Crisil, Icra put out contrasting views on credit quality of Indian firms
For the first time in five years, the credit ratio for investment-linked sectors was 2.15 times printed higher than the overall credit ratio
Mumbai: Rating agencies have contrasting views about the credit quality of Indian companies in the April to September period of this year. According to Crisil, the credit ratio, or the number of upgrades to downgrades, was 1.68 in the first half of 2018-19, compared with 1.88 and 1.45 times in the first and second halves of 2017-18, respectively.
There were 685 upgrades to 408 downgrades in the first half of 2018-19, it said.
According to Crisil, the debt-weighted credit ratio was 1.20 in April to September, down from1.53 in the second half of 2017-18. Debt-weighted credit ratio refers to the ratio of upgrades to downgrades weighted by the quantity of debt.
“Both the credit ratio, and the debt-weighted credit ratio remain well above 1 on this basis, indicating a broad-based sustenance of credit quality,” Crisil said in a report on 1 October.
For the first time in five years, the credit ratio for investment-linked sectors was 2.15 times printed higher than the overall credit ratio. The improvement was in sectors such as steel, construction and industrial machinery which, besides buoyant commodity prices, benefited from the government’s infrastructure spending even as private investments lag. According to Crisil, the jump in the credit ratio was driven by investment-linked sectors while growth in GDP and the uptick in the Index of Industrial Production (IIP) were supportive. Also, the government’s spending on infrastructure, especially roads and affordable housing, boosted activity in investment-linked sectors.

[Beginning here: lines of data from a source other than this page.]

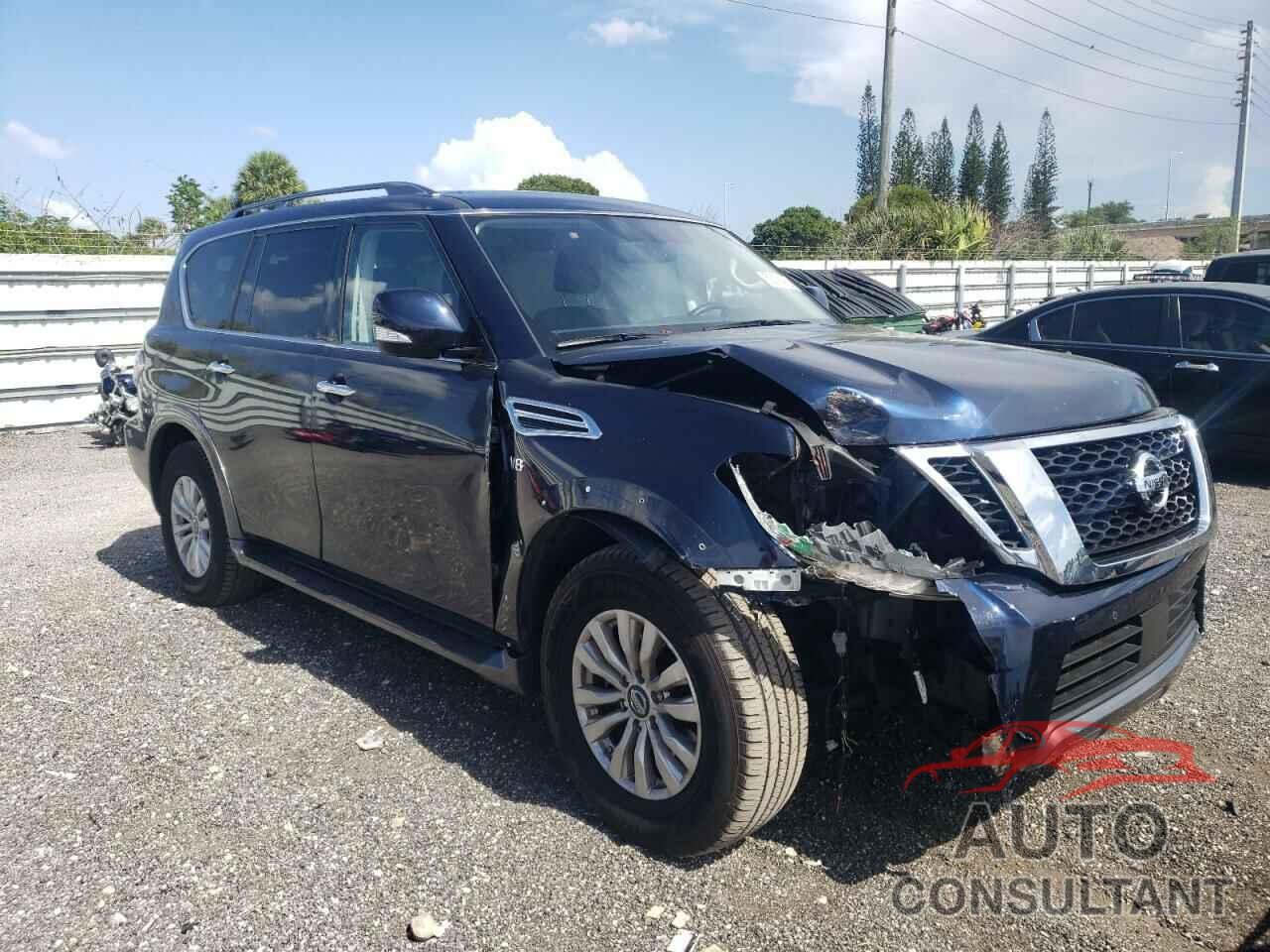 NISSAN ARMADA 2020 - JN8AY2ND3L9106841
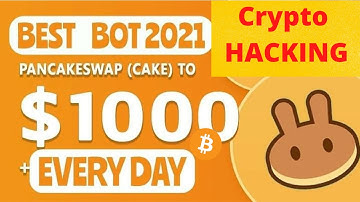 FREE PancakeSwap Bot | EASY 10x profit EVERY DAY (Front Run Bot | Sniper Bot)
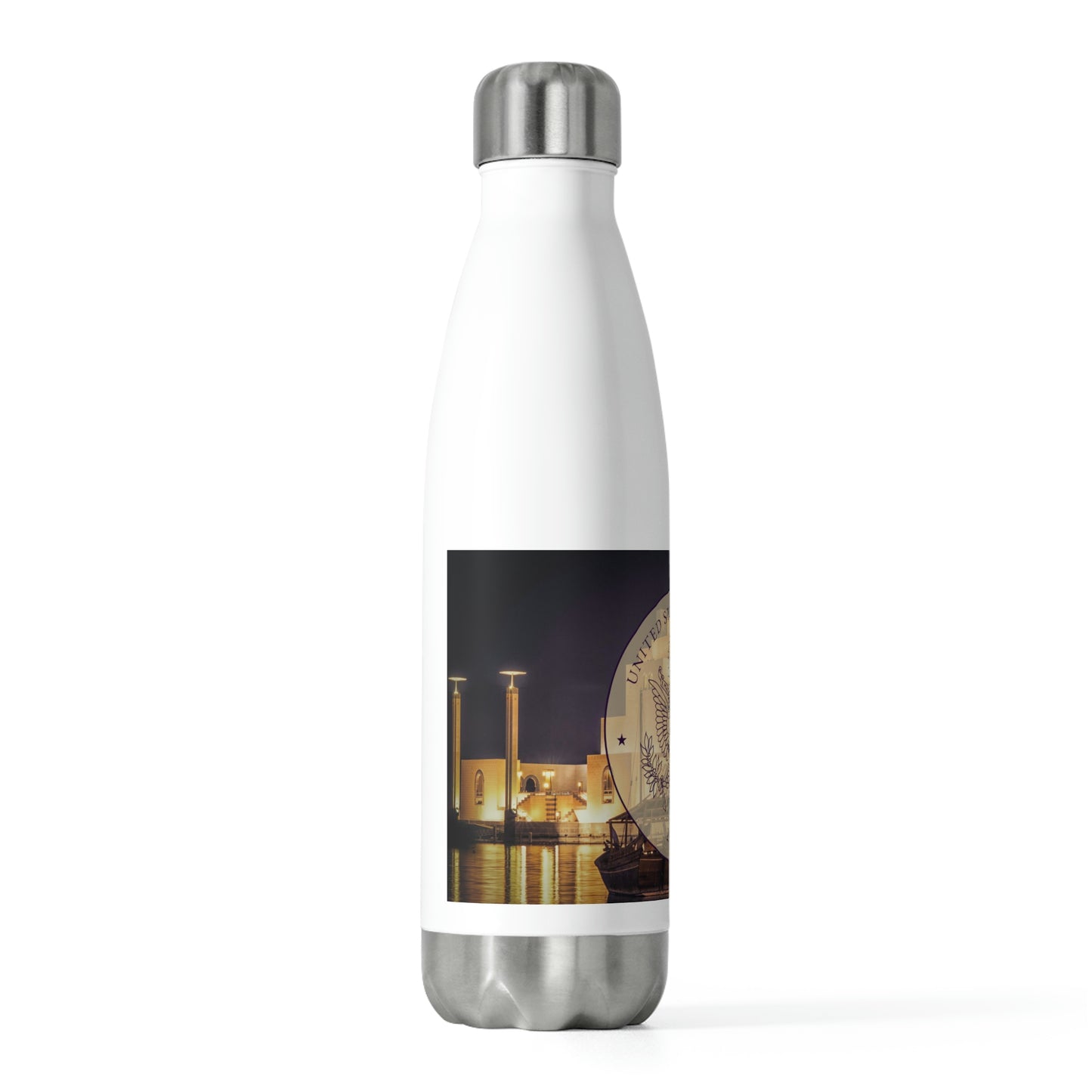 20oz Insulated Bottle: Doha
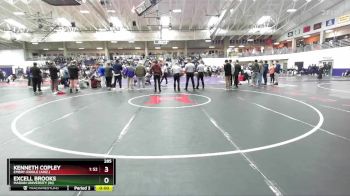 Replay: Mat 3 - 2024 Missouri Valley Invitational - Men's | Jan 20 @ 10 AM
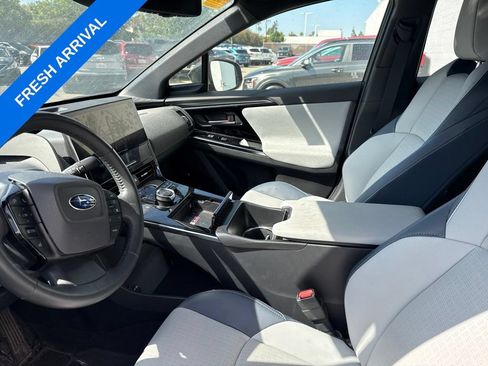 Used 2023 Subaru Solterra AWD image 2
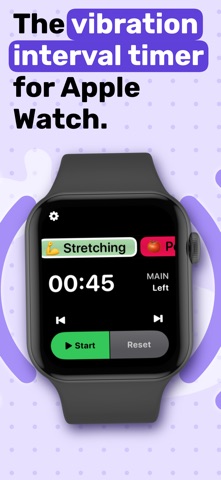 Tap Timer: Activity for Watch Screenshot 1 of 7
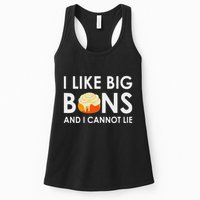 I Like Big Buns And I Cannot Lie Cinnamon Rolls Womens Tank Top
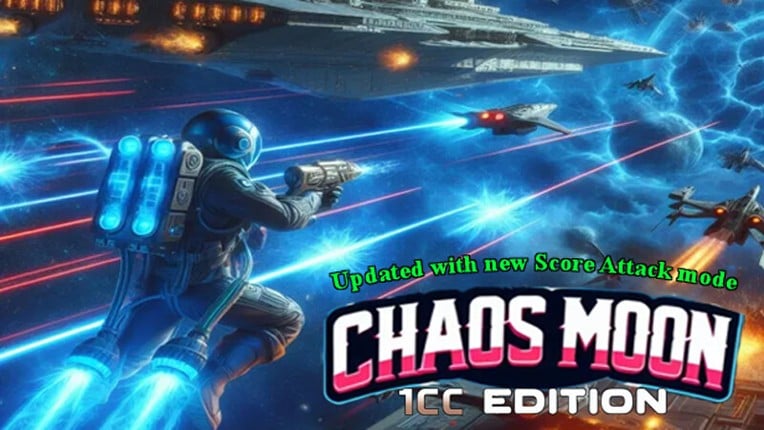 Chaos Moon screenshot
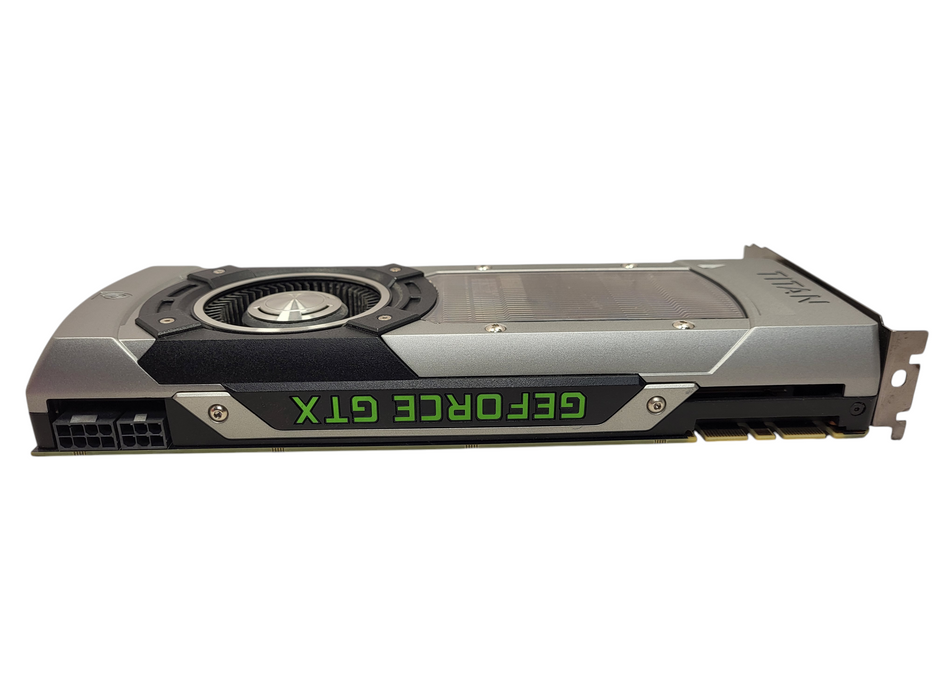 EVGA NVIDIA GeForce GTX TITAN Superclocked 6GB GDDR5 Video Card 06G-P4-2791-KR $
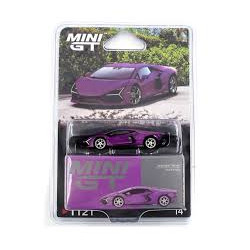 LAMBORGHINI REVUELTO 2024 1/64 MINI GT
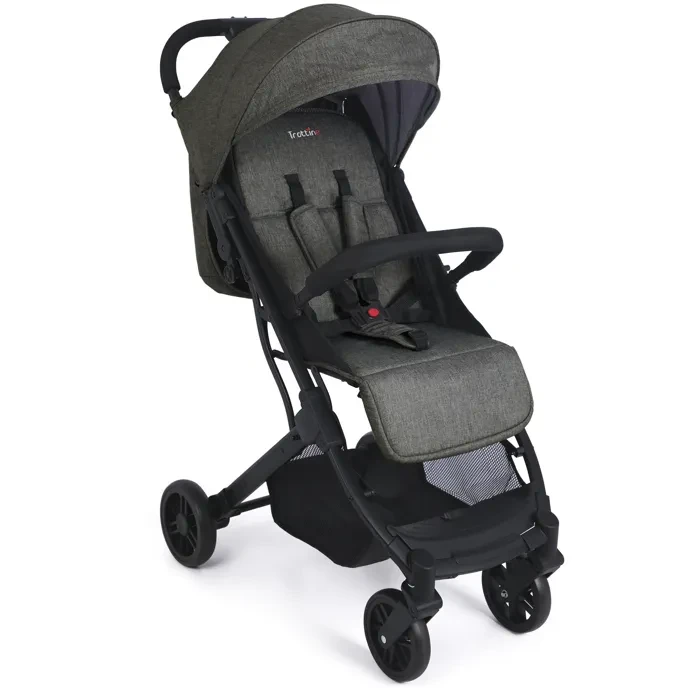 Poussette Naissance Ultra Compacte Pliage Facile Et Confort Des La Naissance - Wlidati Maroc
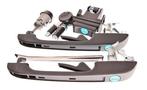 Slot VW Golf 2 portierslot Jetta Slotenset kofferbakslot tan, Auto-onderdelen, Ophalen of Verzenden, Nieuw, Volkswagen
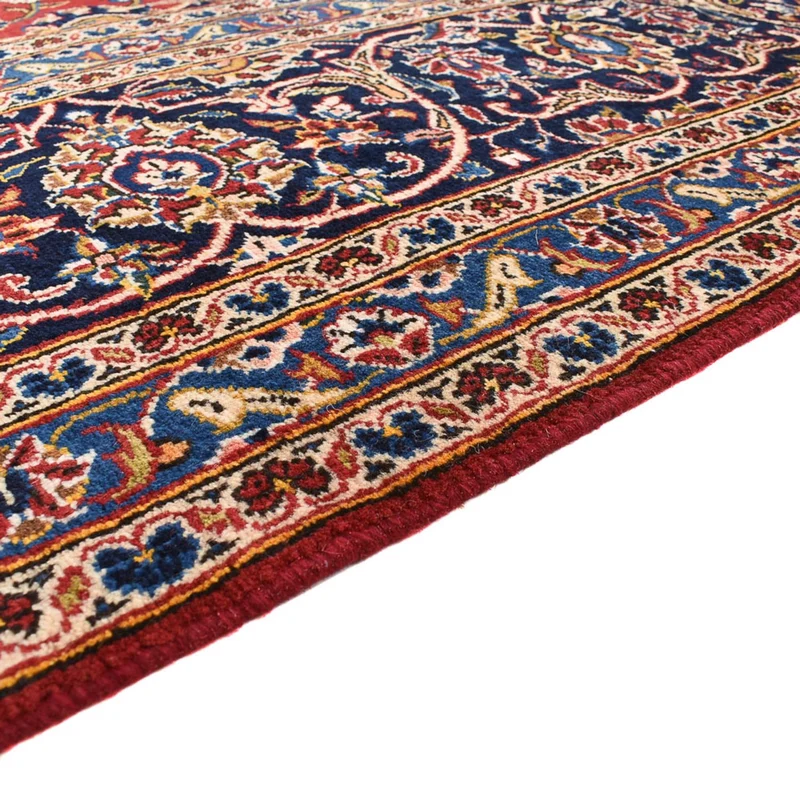 Perserteppich - Keshan - 301 x 409 cm - rot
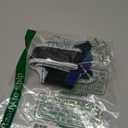 Joypig Dog Rear Leg Sleeve to Stop Licking: Soft Recovery Wrap for Hind/Back Leg Wounds, TPLO ACL Surgery, Surgical Sleeve for Small Medium Large Dogs, Cone Alternative (Left-XS,Navy Blue)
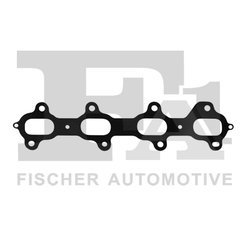 GARNITURA GALERIE EVACUARE FA1 412-039 - Compatibil cu MERCEDES-BENZ, NISSAN, OPEL, RENAULT, VAUXHALL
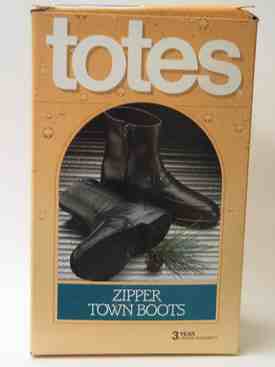 Tingley Zipper Town Boot Galoshes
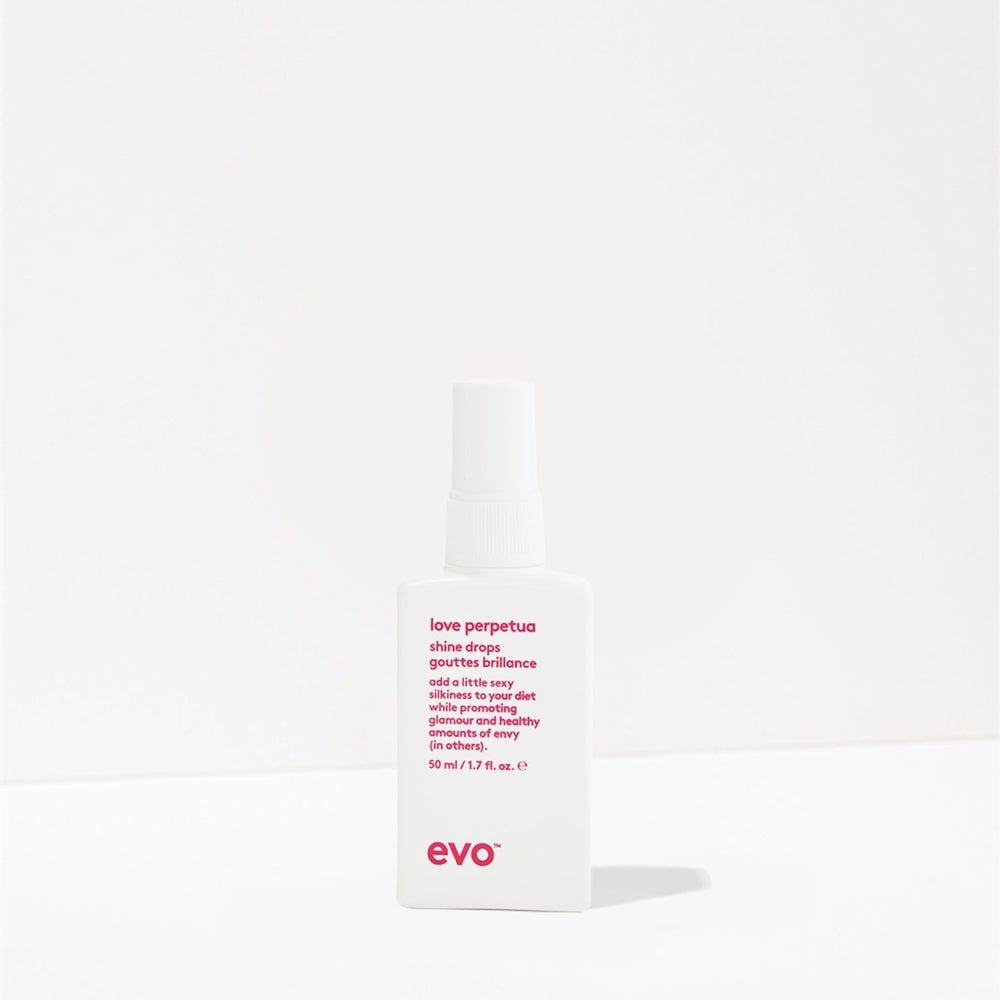 the higher power: healthy + defined curls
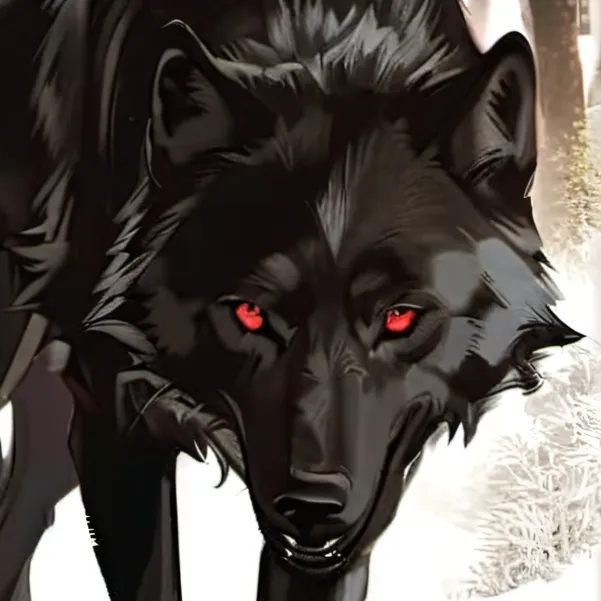 chat with ai character: 🖤Ōkami🖤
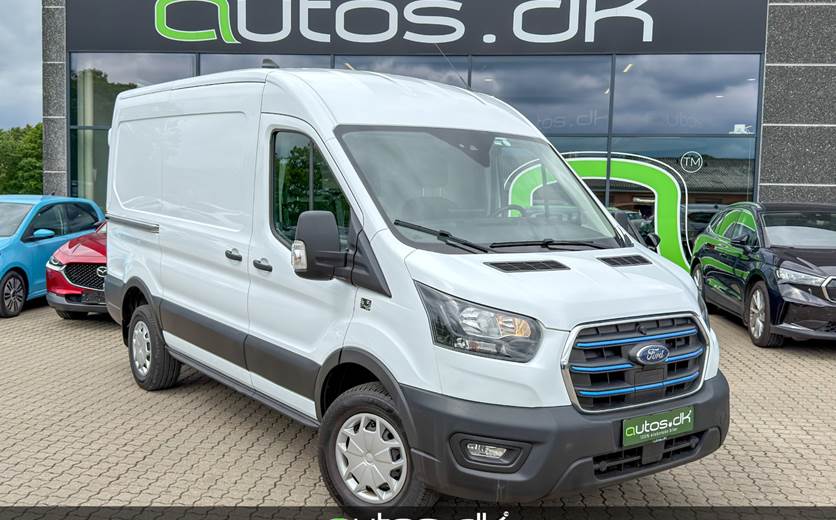 Ford E-Transit 350 L2 Van 68 Trend H2 RWD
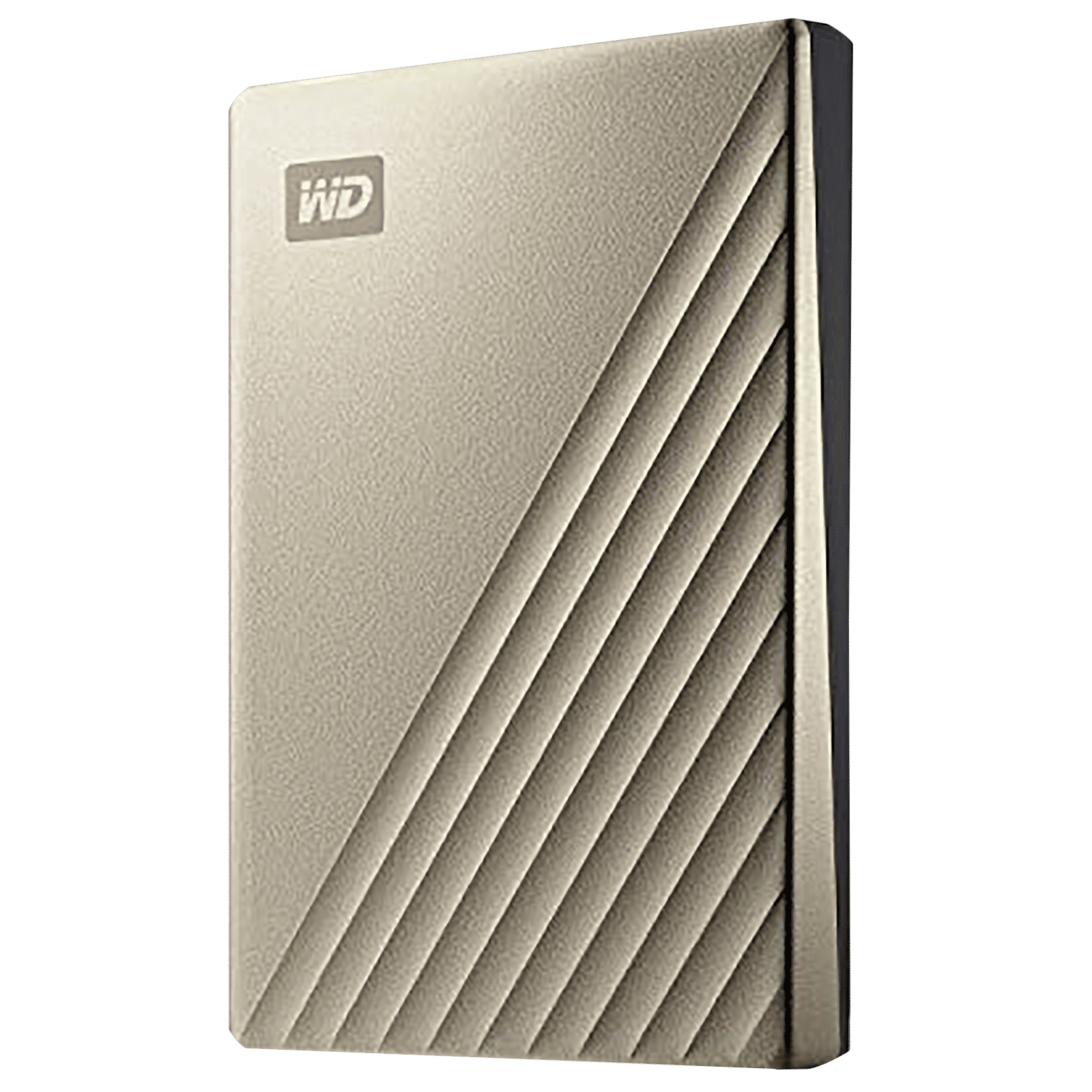 Western Digital My Passport Ultra 2 TB USB 2.0/3.0 Hard Disk Drive (Automatic Backup, WDBC3C0020BGD-WESN, Gold)_5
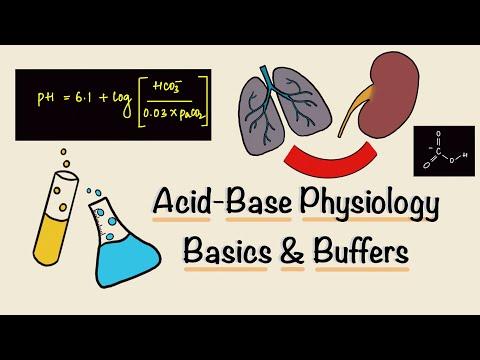 Mastering the Basics of pH and Chemical Buffers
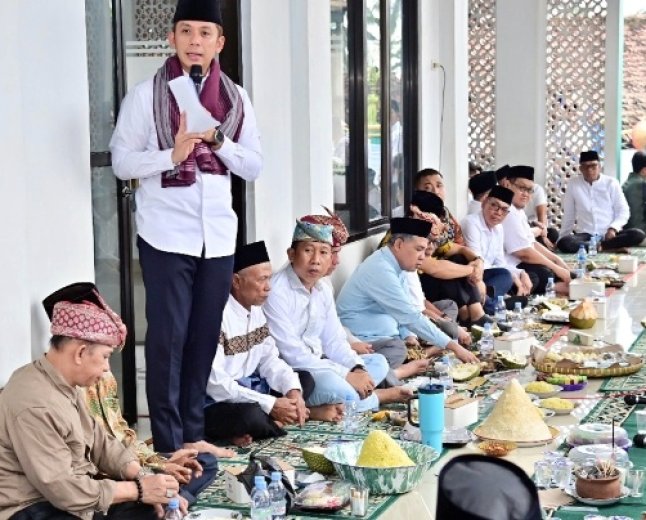 Tradisi Sedekah Bumi 206 Tahun di Lampung Selatan Kembali Digelar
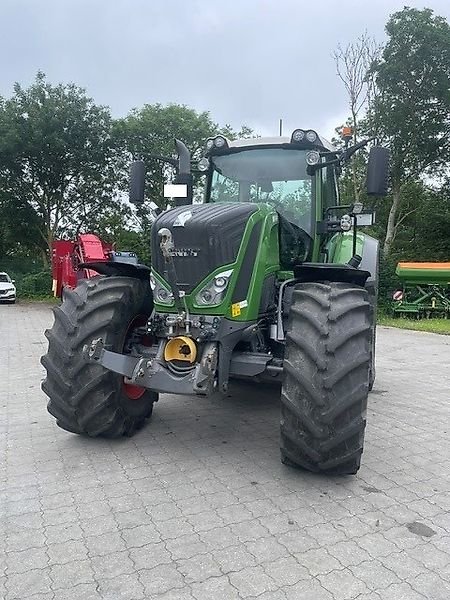Fendt 826 Vario S4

Meanwhile, Icra Ltd’s rating actions in first half of 2018-19 point to an increase in downward pressure on investment-grade entities. “This is reflected in the rating drift of investment-grade entities turning negative in the first half of 2018-19 for the first time since 2013-14, as well as the rise in the downgrade rate of investment-grade entities,” it said. The rating drift of investment-grade entities deteriorated to -5.1% (annualized) in the first half of 2018-19 (3.2% in 2017-18) against the past five-year average of 4.3%. Also, the downgrade rate of investment-grade entities rose to 8.3% (annualized) in the first half of 2018-19 (7.1% in 2017-18), a five-year high, according to Icra.
The default rate of Icra-assigned ratings dropped to 2.8% in the first half of 2018-19 from 3.4% in 2017-18 and against the past five-year average of 3.3%. “This apart, the large rating change rate too softened to 3.6% in the first half of 2018-19 from 4.1% in the previous year, highlighting the overall reduction in the severity of rating changes. What was also prominent in the first half of 2018-19 was the sharp increase in the total volume of debt upgraded by Icra,” it added.
However, Crisil is cautious that rising interest rates may be a mild damper for domestic consumption-linked sectors despite demand growth drivers remaining strong. It also said that ‘all is not well’ as corporate India faces a volatile rupee, rising interest rates and an increase in the risk of tariff disputes between major global economies turning into full-blown trade wars.
Crisil’s analysis of 2,500 firms in its portfolio that have foreign currency exposure shows that the impact of recent rupee volatility on profitability will be modest. The top 10 sectors with high foreign currency exposure, which include oil and gas, power, and telecom, will see their net profit margins eroding this financial year by up to 150 basis points.